Indiana Republican Wants To Outlaw “Unacceptable” Renditions Of The National Anthem
One Indiana State Senator has had enough with people who mangle the Star Spangled Banner:
INDIANAPOLIS — Oh, say can you . . . sing?
And, more importantly, can you sing it the “right” way — the way one Indiana lawmaker thinks the national anthem should be sung?
Sen. Vaneta Becker, R-Evansville, has introduced a bill that would set specific “performance standards” for singing and playing “The Star-Spangled Banner” at any event sponsored by public schools and state universities.
The law also would cover private schools receiving state or local scholarship funds, including vouchers.
Performers would have to sign a contract agreeing to follow the guidelines. Musicians — whether amateur or professional — would be fined $25 if it were deemed they failed to meet the appropriate standards.
But just what is appropriate? Would Jimi Hendrix’s electric version make the grade? Are Christina Aguilera’s vocal gymnastics a fineable offense?
That’s unclear. What is and what is not “acceptable,” according to Becker’s bill, would be determined by the State Department of Education, with input from the Commission for Higher Education.
Becker said she would expect the guidelines to require that the national anthem be sung with the usual lyrics to the traditional melody — “the way that we normally have it sung or heard throughout most of our state and our country.”
Becker said she authored the bill after a constituent called her last spring upset about a school program in which the words of “The Star-Spangled Banner” were substituted or parodied in a way the caller found disrespectful. The senator said she herself had heard parody versions of the national anthem on television programs.XXV
“Sometimes it’s just done in a joking manner,” she said, “but I don’t think the national anthem is something we ought to be joking around with.”

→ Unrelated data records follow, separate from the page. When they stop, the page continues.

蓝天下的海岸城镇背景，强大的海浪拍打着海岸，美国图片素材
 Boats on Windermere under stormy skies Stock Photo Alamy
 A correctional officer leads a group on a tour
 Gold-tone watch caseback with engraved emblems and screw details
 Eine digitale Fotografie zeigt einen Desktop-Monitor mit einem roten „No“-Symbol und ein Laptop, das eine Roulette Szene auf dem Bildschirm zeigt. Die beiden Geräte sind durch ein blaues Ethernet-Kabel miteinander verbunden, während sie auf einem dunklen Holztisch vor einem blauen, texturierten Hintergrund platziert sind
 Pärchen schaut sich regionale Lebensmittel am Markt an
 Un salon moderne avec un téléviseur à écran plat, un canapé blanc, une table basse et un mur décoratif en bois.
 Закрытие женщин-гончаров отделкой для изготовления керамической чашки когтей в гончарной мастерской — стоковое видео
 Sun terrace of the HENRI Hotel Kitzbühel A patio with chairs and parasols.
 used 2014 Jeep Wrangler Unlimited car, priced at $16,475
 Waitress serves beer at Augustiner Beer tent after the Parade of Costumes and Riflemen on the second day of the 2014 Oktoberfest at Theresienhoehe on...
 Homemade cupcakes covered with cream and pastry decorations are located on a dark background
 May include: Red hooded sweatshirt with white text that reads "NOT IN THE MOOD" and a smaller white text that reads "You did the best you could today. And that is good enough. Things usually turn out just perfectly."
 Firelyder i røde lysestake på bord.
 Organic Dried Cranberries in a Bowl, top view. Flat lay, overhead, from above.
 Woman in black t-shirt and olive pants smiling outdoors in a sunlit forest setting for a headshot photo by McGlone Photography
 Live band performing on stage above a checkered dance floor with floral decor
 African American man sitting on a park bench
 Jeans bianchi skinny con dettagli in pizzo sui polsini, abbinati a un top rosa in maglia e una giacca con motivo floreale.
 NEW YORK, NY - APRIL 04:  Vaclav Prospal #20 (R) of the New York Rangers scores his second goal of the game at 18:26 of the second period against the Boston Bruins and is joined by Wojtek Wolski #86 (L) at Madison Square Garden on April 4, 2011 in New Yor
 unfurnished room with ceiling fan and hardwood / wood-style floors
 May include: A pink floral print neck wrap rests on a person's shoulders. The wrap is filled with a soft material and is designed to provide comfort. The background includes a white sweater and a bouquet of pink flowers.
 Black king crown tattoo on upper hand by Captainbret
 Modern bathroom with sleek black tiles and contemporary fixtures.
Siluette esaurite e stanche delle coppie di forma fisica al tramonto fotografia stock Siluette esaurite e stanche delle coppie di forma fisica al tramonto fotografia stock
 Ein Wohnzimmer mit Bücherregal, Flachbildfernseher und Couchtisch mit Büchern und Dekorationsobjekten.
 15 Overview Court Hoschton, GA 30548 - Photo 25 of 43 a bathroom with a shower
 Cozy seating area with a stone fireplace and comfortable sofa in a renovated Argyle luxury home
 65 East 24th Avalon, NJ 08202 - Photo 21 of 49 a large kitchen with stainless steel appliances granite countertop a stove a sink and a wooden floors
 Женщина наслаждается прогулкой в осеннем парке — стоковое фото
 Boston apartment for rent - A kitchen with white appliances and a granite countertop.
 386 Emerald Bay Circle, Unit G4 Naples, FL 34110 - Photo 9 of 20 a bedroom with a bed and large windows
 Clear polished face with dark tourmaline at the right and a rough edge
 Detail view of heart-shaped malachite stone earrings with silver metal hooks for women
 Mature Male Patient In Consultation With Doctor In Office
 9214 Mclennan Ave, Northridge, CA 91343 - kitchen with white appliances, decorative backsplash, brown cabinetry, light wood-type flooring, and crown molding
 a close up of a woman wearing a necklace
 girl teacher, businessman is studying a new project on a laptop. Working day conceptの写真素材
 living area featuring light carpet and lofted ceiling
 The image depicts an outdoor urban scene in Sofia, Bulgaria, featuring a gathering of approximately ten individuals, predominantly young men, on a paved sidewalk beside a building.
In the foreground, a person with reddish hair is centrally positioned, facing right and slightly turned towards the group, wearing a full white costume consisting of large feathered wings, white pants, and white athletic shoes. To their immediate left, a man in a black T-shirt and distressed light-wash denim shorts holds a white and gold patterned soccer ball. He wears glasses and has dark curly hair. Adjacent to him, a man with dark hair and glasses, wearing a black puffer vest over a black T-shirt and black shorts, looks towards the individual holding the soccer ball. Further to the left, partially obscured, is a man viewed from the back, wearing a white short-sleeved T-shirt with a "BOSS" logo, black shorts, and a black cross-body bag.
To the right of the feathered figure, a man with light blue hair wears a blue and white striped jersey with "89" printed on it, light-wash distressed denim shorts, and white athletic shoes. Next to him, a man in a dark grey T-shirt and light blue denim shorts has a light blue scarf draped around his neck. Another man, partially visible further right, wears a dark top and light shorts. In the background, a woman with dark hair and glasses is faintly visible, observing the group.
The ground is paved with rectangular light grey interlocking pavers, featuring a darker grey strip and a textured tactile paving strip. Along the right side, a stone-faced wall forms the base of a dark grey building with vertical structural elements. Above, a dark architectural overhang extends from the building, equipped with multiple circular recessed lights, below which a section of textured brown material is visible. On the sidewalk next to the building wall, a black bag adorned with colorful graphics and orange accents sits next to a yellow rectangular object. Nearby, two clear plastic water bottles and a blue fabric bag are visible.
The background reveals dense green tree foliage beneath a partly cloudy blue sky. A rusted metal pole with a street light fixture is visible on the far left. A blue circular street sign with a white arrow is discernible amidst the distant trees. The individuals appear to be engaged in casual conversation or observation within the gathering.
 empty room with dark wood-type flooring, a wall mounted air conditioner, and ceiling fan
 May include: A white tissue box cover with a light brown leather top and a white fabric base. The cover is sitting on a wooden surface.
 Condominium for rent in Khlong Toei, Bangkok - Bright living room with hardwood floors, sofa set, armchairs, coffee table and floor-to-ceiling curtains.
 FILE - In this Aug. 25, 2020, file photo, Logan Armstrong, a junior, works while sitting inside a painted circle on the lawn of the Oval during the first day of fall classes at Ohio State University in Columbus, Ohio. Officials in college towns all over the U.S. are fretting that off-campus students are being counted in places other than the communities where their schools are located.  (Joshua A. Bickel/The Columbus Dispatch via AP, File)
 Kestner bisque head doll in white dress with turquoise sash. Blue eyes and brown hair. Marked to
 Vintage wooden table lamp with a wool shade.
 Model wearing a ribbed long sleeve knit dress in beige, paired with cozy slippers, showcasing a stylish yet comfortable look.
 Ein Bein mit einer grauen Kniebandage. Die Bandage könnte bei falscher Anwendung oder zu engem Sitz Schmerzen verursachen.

On some level I understand where Becker is coming from. Quite often, the worst part of any major sporting event is when some singer, and I use that term loosely, attempts to sing the National Anthem. If that singer is female, you can almost guarantee that they will use it as an occasion to show off their vocal range on a song that really doesn’t require it. That I kind of blame on Whitney Houston, who’s admittedly amazing performance at Super Bowl XXV has caused an entire generation of female singers to think they can sing like Whitney circa 1991 when they really can’t. And then, of course, there are travesties like Roseanne Barr’s drunken display in 1990. And, of course, Christina Aguilera’s complete disaster at Super Bowl XLV. I can also understand the desire to maintain proper decorum in school settings.
But, does this really require a law? I just don’t see it. As John Cole notes, this seems like something more appropriate in a place like North Korea than the United States of America. There are less egregious means to make sure public assemblies are conducted in a respectful manner, we surely don’t need another law.